- WHAT TO DO
Return, character for character, the lines from the one bearing "Einfach Minimalistisches Logo" through the end of the material. Omit everything before that line.
━━━━━━━━━━━━━━━━
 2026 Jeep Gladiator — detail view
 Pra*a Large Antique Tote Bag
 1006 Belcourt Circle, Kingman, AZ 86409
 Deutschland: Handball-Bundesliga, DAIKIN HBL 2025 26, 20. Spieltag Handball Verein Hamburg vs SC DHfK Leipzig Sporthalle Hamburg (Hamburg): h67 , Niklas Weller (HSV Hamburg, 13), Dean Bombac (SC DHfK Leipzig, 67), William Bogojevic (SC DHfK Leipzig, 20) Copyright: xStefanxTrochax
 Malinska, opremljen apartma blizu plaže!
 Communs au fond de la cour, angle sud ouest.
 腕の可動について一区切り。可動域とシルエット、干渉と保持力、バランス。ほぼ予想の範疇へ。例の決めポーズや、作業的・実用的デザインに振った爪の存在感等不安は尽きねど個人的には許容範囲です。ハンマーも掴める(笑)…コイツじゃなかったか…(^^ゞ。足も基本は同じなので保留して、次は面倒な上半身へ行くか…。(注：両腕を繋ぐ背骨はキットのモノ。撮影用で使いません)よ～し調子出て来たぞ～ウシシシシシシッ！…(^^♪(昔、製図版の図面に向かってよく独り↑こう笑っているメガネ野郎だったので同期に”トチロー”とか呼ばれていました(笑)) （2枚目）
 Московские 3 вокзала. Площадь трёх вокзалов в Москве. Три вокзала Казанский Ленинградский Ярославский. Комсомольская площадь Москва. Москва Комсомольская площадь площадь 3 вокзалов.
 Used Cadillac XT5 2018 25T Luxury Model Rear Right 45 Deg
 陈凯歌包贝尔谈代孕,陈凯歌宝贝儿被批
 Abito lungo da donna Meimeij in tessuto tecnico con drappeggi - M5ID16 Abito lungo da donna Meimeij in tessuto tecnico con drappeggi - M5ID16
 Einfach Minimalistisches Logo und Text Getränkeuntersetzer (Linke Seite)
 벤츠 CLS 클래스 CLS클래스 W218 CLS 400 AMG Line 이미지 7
━━━━━━━━━━━━━━━━
- EXERCISE OUTPUT
 Einfach Minimalistisches Logo und Text Getränkeuntersetzer (Linke Seite)
 벤츠 CLS 클래스 CLS클래스 W218 CLS 400 AMG Line 이미지 7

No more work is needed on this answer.